> SOURCE DATA
%%

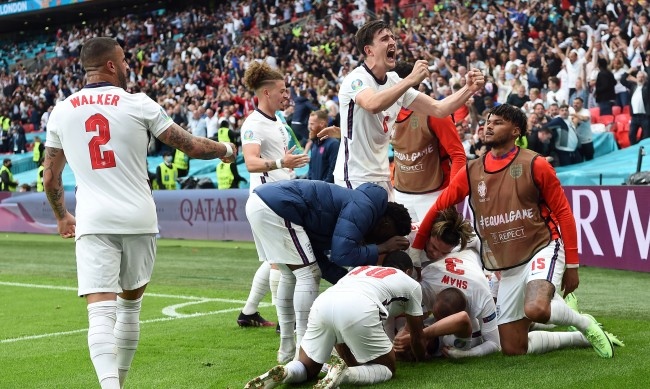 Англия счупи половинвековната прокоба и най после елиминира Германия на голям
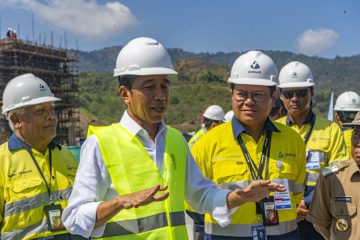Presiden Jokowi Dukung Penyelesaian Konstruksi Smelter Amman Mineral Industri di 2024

%%
%%

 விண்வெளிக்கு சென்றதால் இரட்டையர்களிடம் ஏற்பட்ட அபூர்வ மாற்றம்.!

%%
%%

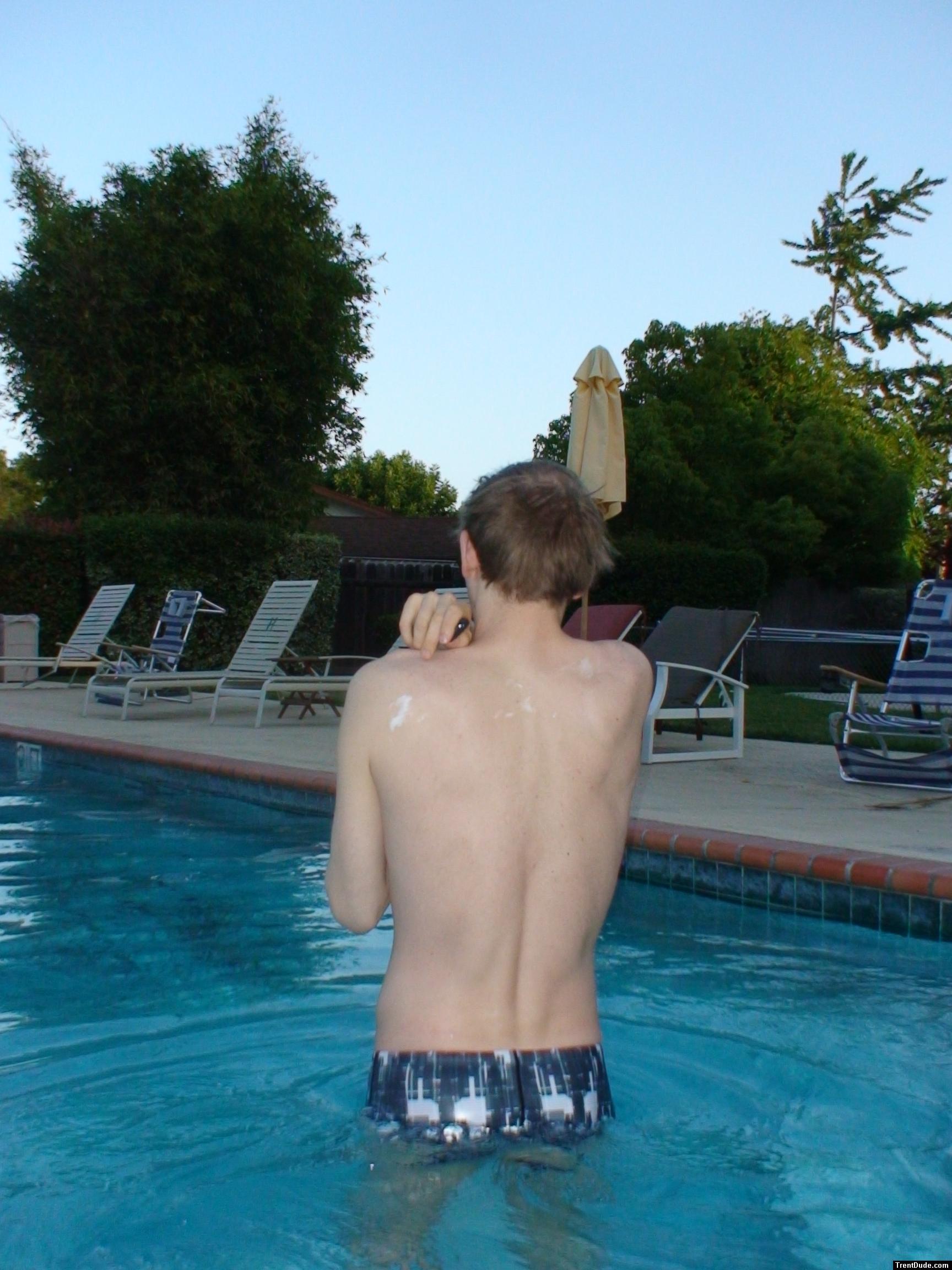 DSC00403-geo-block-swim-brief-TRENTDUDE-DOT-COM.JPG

%%

> WHAT THE EXERCISE ASKS
For this task, return exactly the stretch of the listing above from the line with "Англия счупи половинвековната" through the line with "Presiden Jokowi Dukung", inclusive and without pictures.

> FINAL ANSWER
 Англия счупи половинвековната прокоба и най после елиминира Германия на голям
Presiden Jokowi Dukung Penyelesaian Konstruksi Smelter Amman Mineral Industri di 2024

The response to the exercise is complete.